CHE VERONA! C’è voluta calma, pazienza e intelligenza, una lucidità disarmante e una leggerezza cerebrale per evitare di crollare: perché avendo solo e soltanto da perdere, il Napoli per vincerla ci ha dovuto mettere la propria acuta interpretazione. Per un tempo, ed è stato il primo, lo spettacolo s’è intravisto eccome in un calcio godibile, che però è durato un quarto d’ora, impregnato anche di personalità: poi, quando il corpo ha chiesto una pausa, il Verona ha mostrato la sua faccia tosta, s’è preso per un po’ la partita e ha lasciato dondolare il San Paolo nella paura. Là dove Ancelotti ha osato (4-2- 3-1 d'apertura incoraggiante per occupare anche le linee), Juric ha esagerato, s’è messo a difendere a quattro nella fase passiva, ha consentito che venissero sprigionati senso geometrico, “cattiveria” e “prepotenza” e che il Napoli si aggrappasse ad un Santo (processo di beatificazione in corso) di nome Alex Meret.
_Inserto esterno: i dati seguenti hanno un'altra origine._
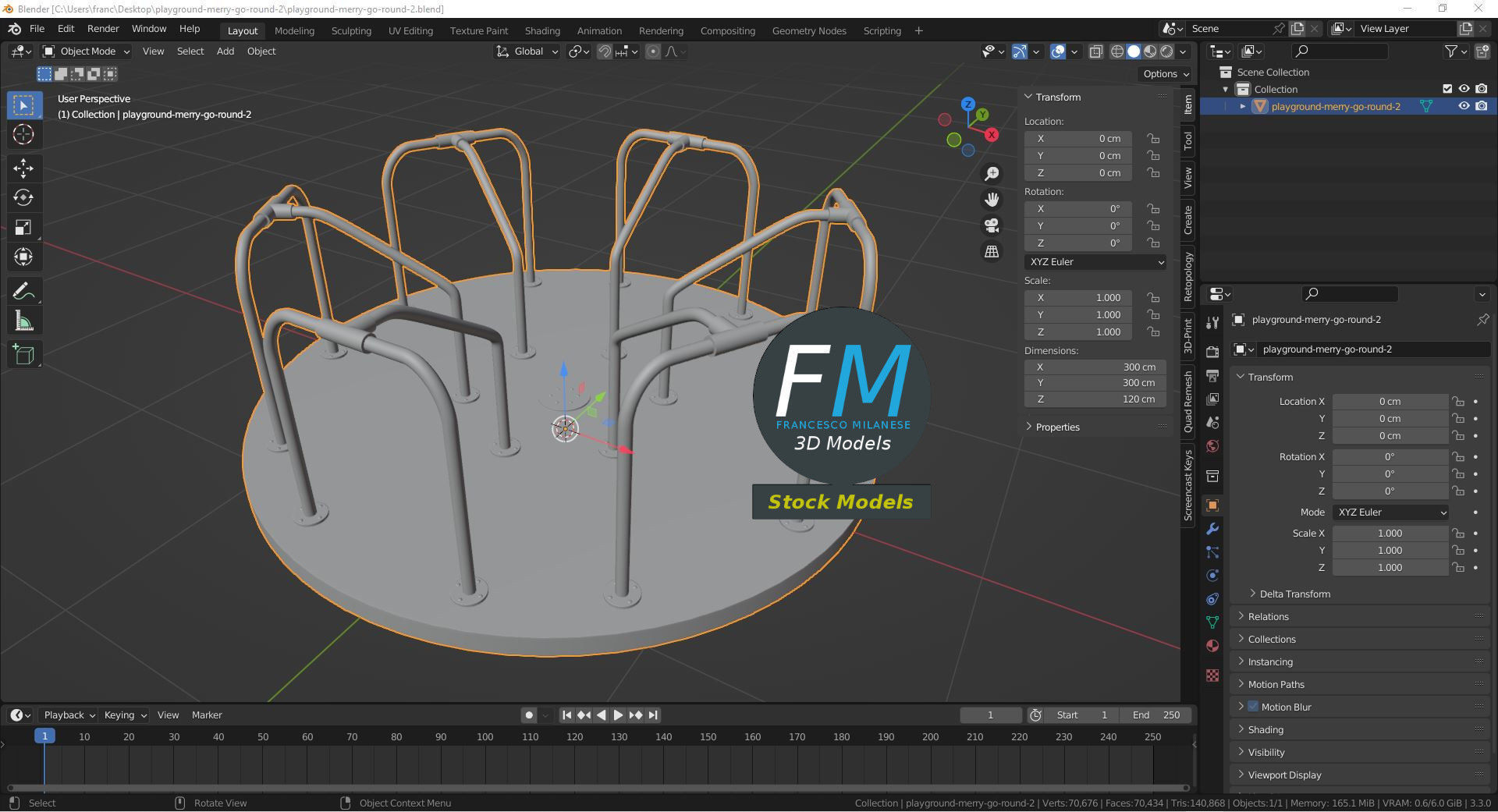 Playground merry-go-round 2 3D model_9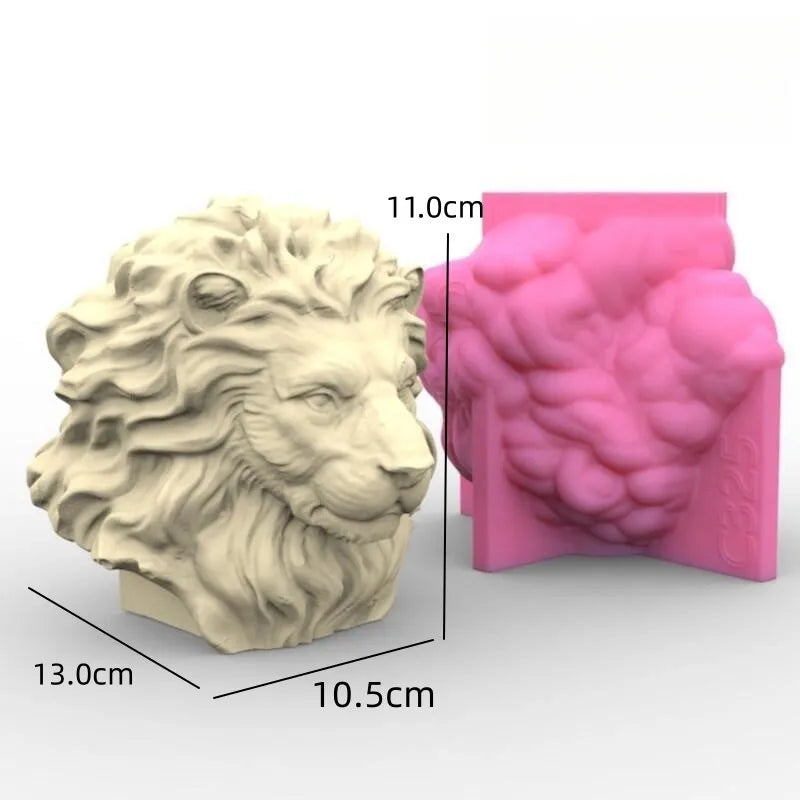3D Lion candle silicone mold Lion head resin silicone mold Lion home decoration concrete gypsum cement silicone mold
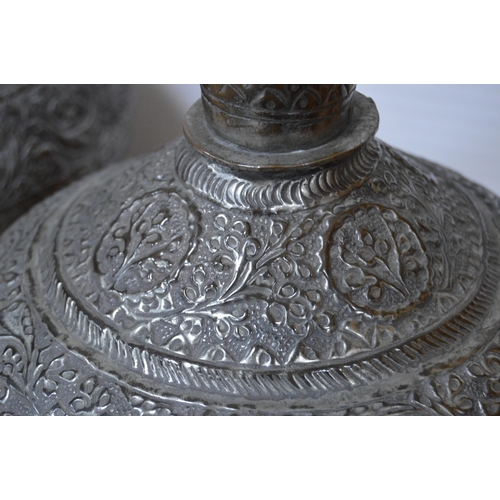 312 - Pair of Persian white metal baluster vase lamps, c. late 19th/early 20th century, embossed...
Ciò che gli umani non immaginano, succede in cinque secondi “terrificanti”, con il portiere che va giù sulla rasoiata di Lazovic, si rialza per respingere il colpo di testa a porta spalancata di Stepinski e poi “esplode” sulla conclusione di Pessina e il boato è meritato, un senso di liberazione del San Paolo e di ossessione per Juric.
PRESSING. Il Verona ha gamba, sta incollato uomo su uomo ovunque, s’accorcia e s’allarga e poi deve sparire per forza, perché pure i robot; e il Napoli, da cui Ancelotti s’attende equilibrio, coglie l’unico vero superficiale disimpegno altrui, su uscita da corner, che Callejon e Fabian trasformano in perla per il tap-in di Milik, che rigenera non un uomo ma una squadra. Il Napoli parte seconda, quello della ripresa, ha lampi di acutezza tattica, non si sfilaccia come prima (e quando Zielinski prende il posto di Younes non si disunisce neppure), non trascina ma rimane inchiodato al proprio ruolo, quello che gli concede lo status: fa la partita con decisione, e nonostante un possesso palla inferiore, limita le sofferenze, entra nel campo, tira di più (dodici volte) ve anche meglio, sta nella trequarti gialloblù, riesce a sentirsi coperto e ad arrivare prima a Milik (dalla punizione di Insigne, altra girata terrificante) per il raddoppio, poi s'allunga sino al palo (quello di Mertens) ed infine alla serenità interiore che certo gli è mancata. E il venticello che s’è avvertito durante la sosta smette d’essere fastidioso, sembra quasi una carezza sul volto del Napoli, un invito a guardare con rigoroso ottimismo al futuro: vai, la strada per i sogni è ancora lunga.